Stream: t-lang/wg-unsafe-code-guidelines

Topic: validity of str / &str


gnzlbg (Nov 25 2018 at 17:50, on Zulip):

@RalfJ I don't think a &str to a non-UTF8 is undefined behavior - why would you say that ?

gnzlbg (Nov 25 2018 at 17:53, on Zulip):

some operations on &str might be undefined behavior if it does not point to an UTF8 string, but others are definitely not (e.g. str.len() )

gnzlbg (Nov 25 2018 at 17:54, on Zulip):

i see str as just another custom DSTs that we have, and as a custom DST it can impose arbitrary preconditions on how it is supposed to be constructed, its methods, etc.

gnzlbg (Nov 25 2018 at 17:56, on Zulip):

the only way in which I think that constructing a &str that points to an UTF8 string could be undefined behavior is if you want to have a model in which, if you have an object of a type T, then all its safe methods _must_ be safe to call, therefore, T must be valid

gnzlbg (Nov 25 2018 at 17:57, on Zulip):

under that model, creating a string to point to a non-UTF8 string would be undefined behavior, but I wonder, how could we catch that in miri?

gnzlbg (Nov 25 2018 at 17:58, on Zulip):

we could hardcode how to catch that for &str, but thinking of &my_custom_dst with arbitrary validity invariants...

RalfJ (Nov 25 2018 at 18:07, on Zulip):

@RalfJ I don't think a &str to a non-UTF8 is undefined behavior - why would you say that ?

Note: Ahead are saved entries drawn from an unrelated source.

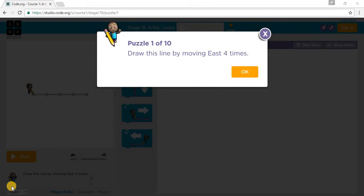Welcome to Code.org Course 1 Stage 18 Artist Loops. Let's begin with Puzzle 1.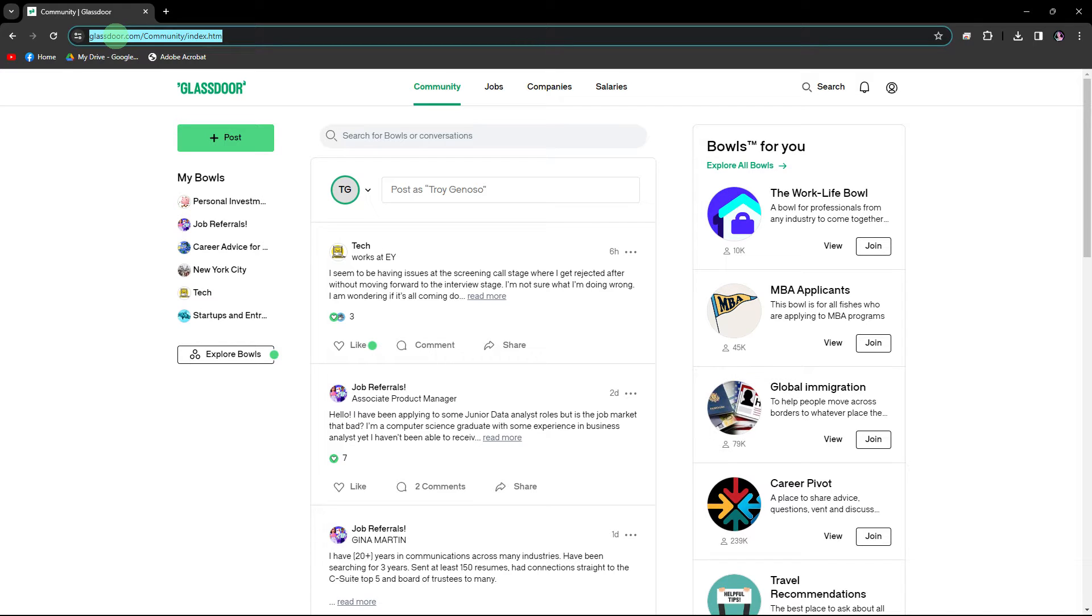It's literally an easy process, so make sure to watch until the end of the video to know how it's done. To check salary information on Glassdoor, follow these steps.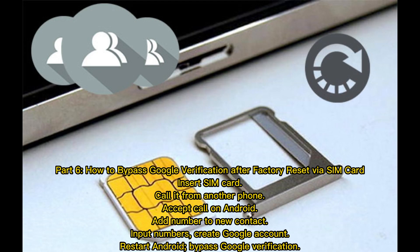Part 6: How to bypass Google verification after factory reset via SIM card. Insert a SIM card and call it from another phone. Accept the call on Android and add the number to a new contact. Input the numbers and create a Google account, then restart Android to bypass Google verification.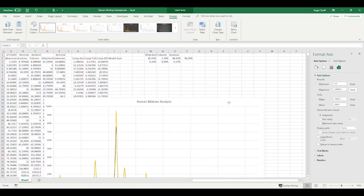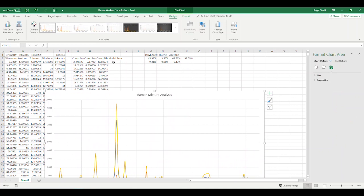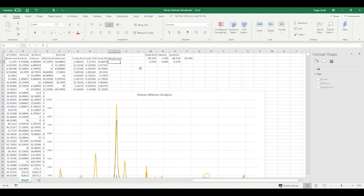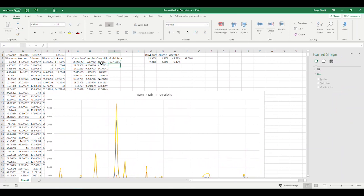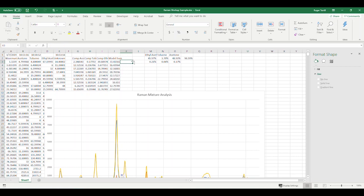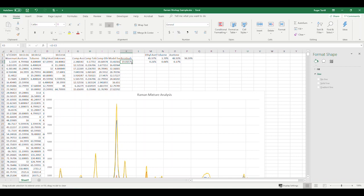And let's make this guy max out at 10,000. And that's looking good. So let's make one more column here. We'll make two more columns. A model sum. This is going to equal sum of these guys. And then we're going to make one more column called the residuals. And this is going to equal the model sum minus the unknown experimental spectrum.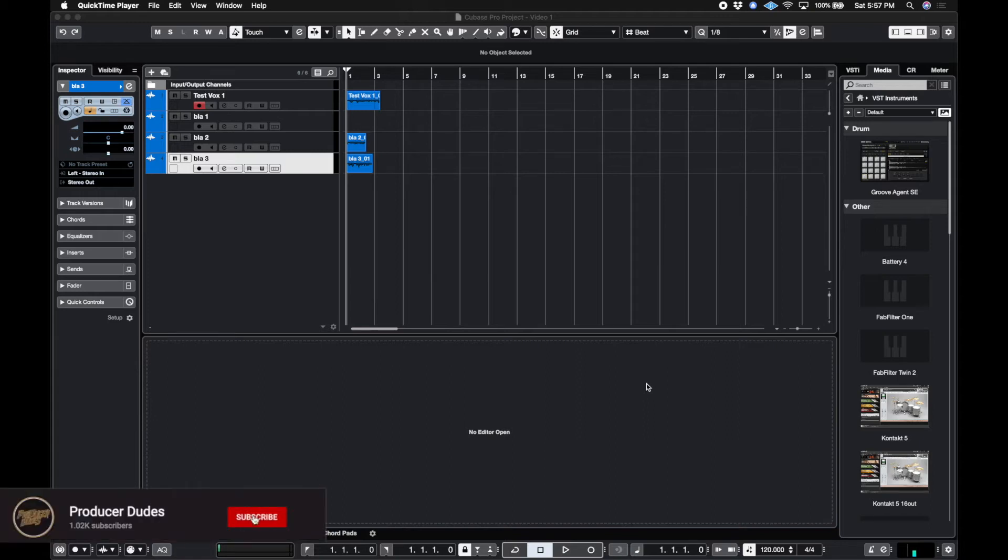This is Erica producer dudes. And in this video, we're talking about adding plugins to audio tracks.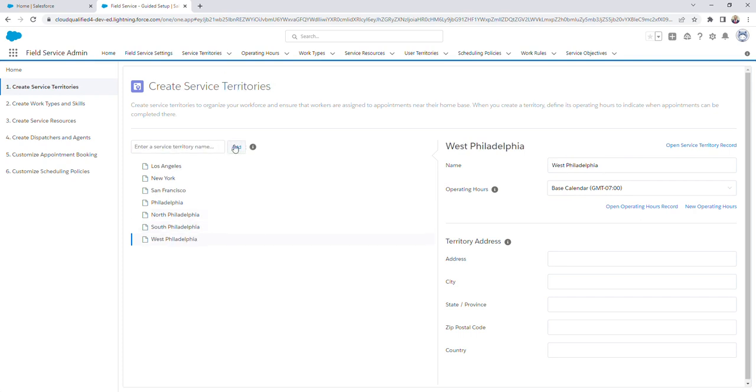And just in case any of you are wondering, there is no East Philadelphia. So in order to make these three territories child territories of Philadelphia, all we have to do is drag and drop each territory into Philadelphia.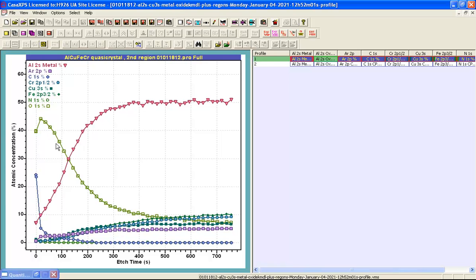But the traces that are left are still using the same symbols and the same colors as was used before the removal of this VAMAS block corresponding to the aluminium oxide.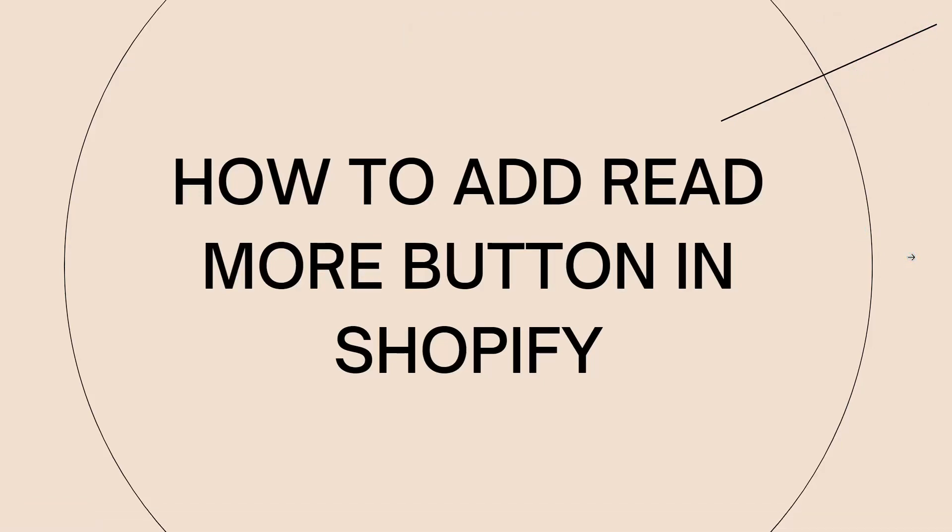Welcome! In this tutorial, I'm going to show you how to add a read more button in Shopify. If you want to know how I did it, just keep on watching.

that was just me interpreting what I heard people say

RalfJ (Nov 25 2018 at 18:07, on Zulip):

I am perfectly fine with it not being UB :D miri encodes it as UB currently, but since there is no validation behind references, that doesn't mean much

RalfJ (Nov 25 2018 at 18:08, on Zulip):

i see str as just another custom DSTs that we have, and as a custom DST it can impose arbitrary preconditions on how it is supposed to be constructed, its methods, etc.

ack. that works fine as long as rustc does not exploit this during compilation -- which it could, because ty::Str is a thing it can recognize.

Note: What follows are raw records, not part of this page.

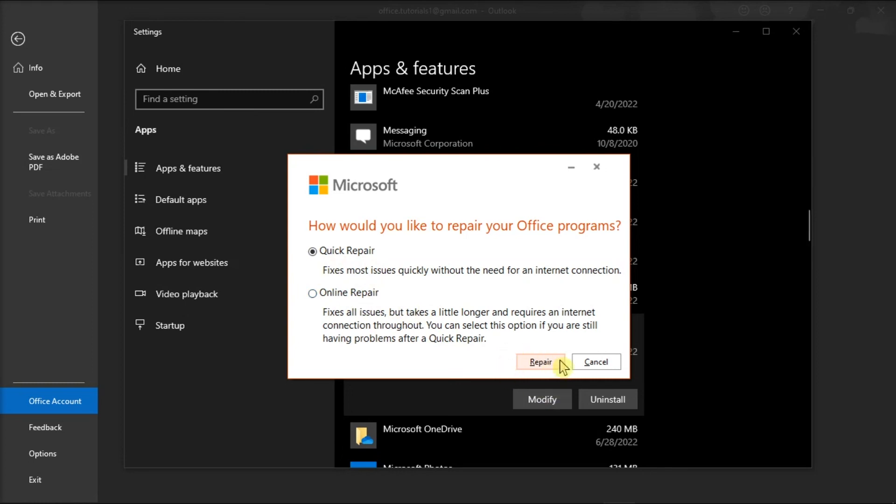Those are the possible methods that have hopefully fixed your problem in the Microsoft Outlook application. If you found this video helpful, kindly like and subscribe. You may also click and turn on the notification bell so you can be notified whenever we release new videos.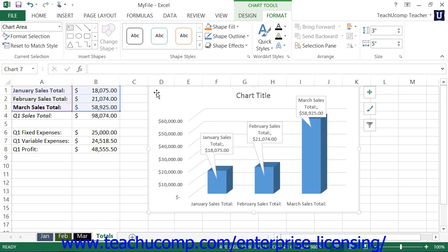To resize the chart, place your mouse pointer over one of the white resizing squares that appear at the four corners of the selected chart. When you are in the correct position, you will see your mouse pointer become a double-pointed arrow. At that point, click and drag to resize the chart area to your desired width and height.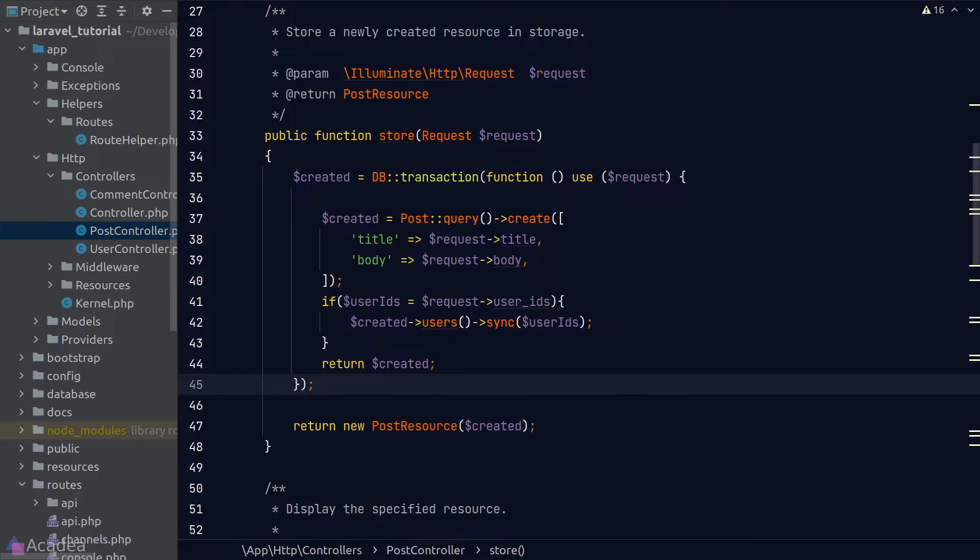Hey there Sam! So far we have been creating or updating our model's record directly in our controller. This is generally okay when we are writing a small app.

gnzlbg (Nov 25 2018 at 19:27, on Zulip):

we could do &str-specific optimizations, but if we aren't doing them right now I'd rather try to keep all DSTs as simple as possible

gnzlbg (Nov 25 2018 at 19:32, on Zulip):

ideally &str would just be something defined in the core library once we have custom DSTs as a thin wrapper over [u8]

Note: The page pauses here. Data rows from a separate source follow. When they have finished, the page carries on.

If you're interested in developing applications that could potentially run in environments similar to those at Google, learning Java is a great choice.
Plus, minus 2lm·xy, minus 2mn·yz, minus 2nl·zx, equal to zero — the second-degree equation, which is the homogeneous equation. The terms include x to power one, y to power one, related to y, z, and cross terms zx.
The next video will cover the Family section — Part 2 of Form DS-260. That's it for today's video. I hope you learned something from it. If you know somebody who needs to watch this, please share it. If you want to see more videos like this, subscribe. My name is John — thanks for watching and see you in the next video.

Matthew Jasper (Nov 25 2018 at 19:36, on Zulip):

It's a language type due to literals, not lack of dst support.

rkruppe (Nov 25 2018 at 20:25, on Zulip):

some archeology: https://github.com/rust-lang/rust/pull/19612

gnzlbg (Nov 26 2018 at 09:20, on Zulip):

It might be possible to not make it a language type while still keeping literal support for it (not necessarily via user-defined literals, but some rustc hook for that)

nikomatsakis (Nov 29 2018 at 16:24, on Zulip):

the key thing here is that there are safe methods on &str that require utf-8 representation (or have been in the past). So while it would at minimum be part of the "safety invariant" for str, I think?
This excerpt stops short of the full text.